- Tuesday 17th August
There is a fiendish scheme between the Swedish and Finnish governments to make travel across the northern tips of their countries as difficult as possible!
macer_random_tours.com saved the day again!
There is no rail link for some reason and every tourist information centre has been a bit vague, "I think there is some sort of bus connection..." So off we went and made it to Sweden's Lulea station hours later after one train trip and three bus trips (one of them was very old and rattly).

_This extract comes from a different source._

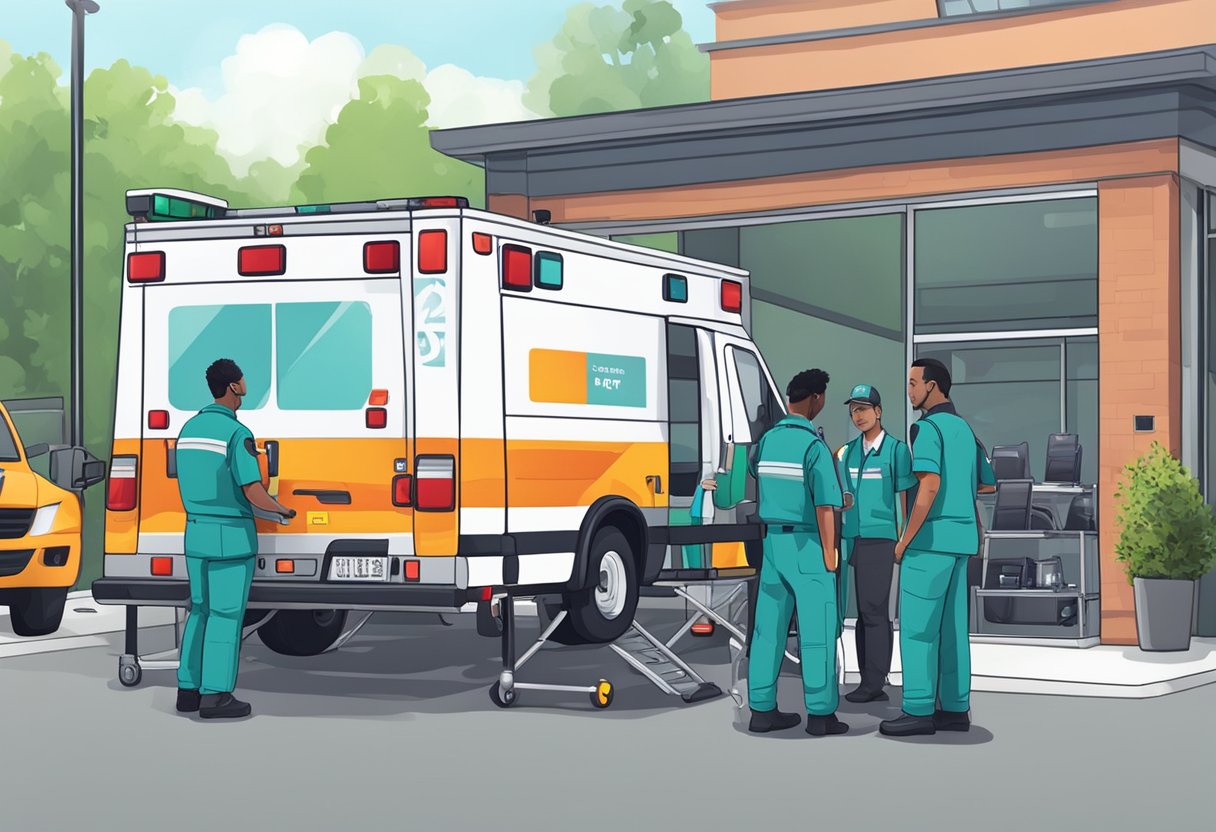 Uma equipe de paramédicos prepara uma ambulância para um evento, verificando equipamentos e suprimentos médicos. O veículo está estacionado do lado de fora de um local, com pessoas ao fundo.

Problem 2: you can't buy train tickets at the Lulea train station! They have a more streamlined process involving a phone call reservation with some operator from the other end of the country -we had language barriers of course and let's not forget the recorded messages that that eventually disconnect you. You have to go into town to collect the ticket from a tattlotto-type place, then walk back and wait for the train.Problem 3 - the shared sleeper
These cabins for 6 convert into 6 bunks (called 'couchettes'). Two older swedish couples were our room mates so it was "doordle doordle" this and "doordle doordle" that. The 'ex-military' gentleman with a glass eye and a puff of white hair was rather loud and just coudln't get enough of us Aussies. Unfortunately he could only talk about vetern cars and trucks!
"What's the weather like in Sweden?"
"Yes, yes but did I show you the photo of my 1954 Volvo truck?

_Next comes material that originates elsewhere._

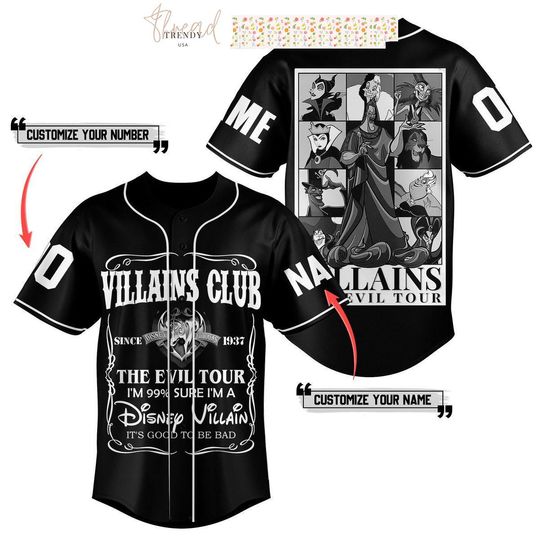 Discover Custom Villains Club The Evil Tour Disney Baseball Jersey, Gift for Kids and Women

"What wild animals are in the fores out there?"
"We have some moose. What type of trucks do you have in Australia?"
Bed time - I was dreading this!! Putting the bunks up was hysterical. I bent my fingernails back on the clips and the tangle of straps was confusing us all. By the time I got into the top bunk, I was getting the giggles. Here we are banging our heads on the roof, sleeping with perfect strangers who we can hardly understand! It was then I realized that perhaps us Australians value our private space a bit more than Europeans.
Lights out at last, except for one very bright down light that just happened to be like a spotlight blinding the Swedish man with the glass eye. It was going to keep him awake! After several attempts to find the elusive switch, we all joined in switching things on and off. From the outside our cabin was a mobile strobing disco.
Sleep didn't come easily. In the darkness the train seemed to be getting ridiculously fast (catching up time) and we were being wobbled from side to side. I wondered if it was normal to find yourself sliding headlong into the wall one minute and breaking your ankles on the opposite wall the next!
The glass eyed Swedish man started to to intermittently blurt out things to his wife, "Doordle doordle. Doordle doordle."
He then proceeded to give the noisy kids next door a blast, 'Ello!!! Shud up!!!" His violent thudding on the wall made me think the train had come off its rails after all.
The worst thing was, when I looked over, Debbie was blissfully asleep!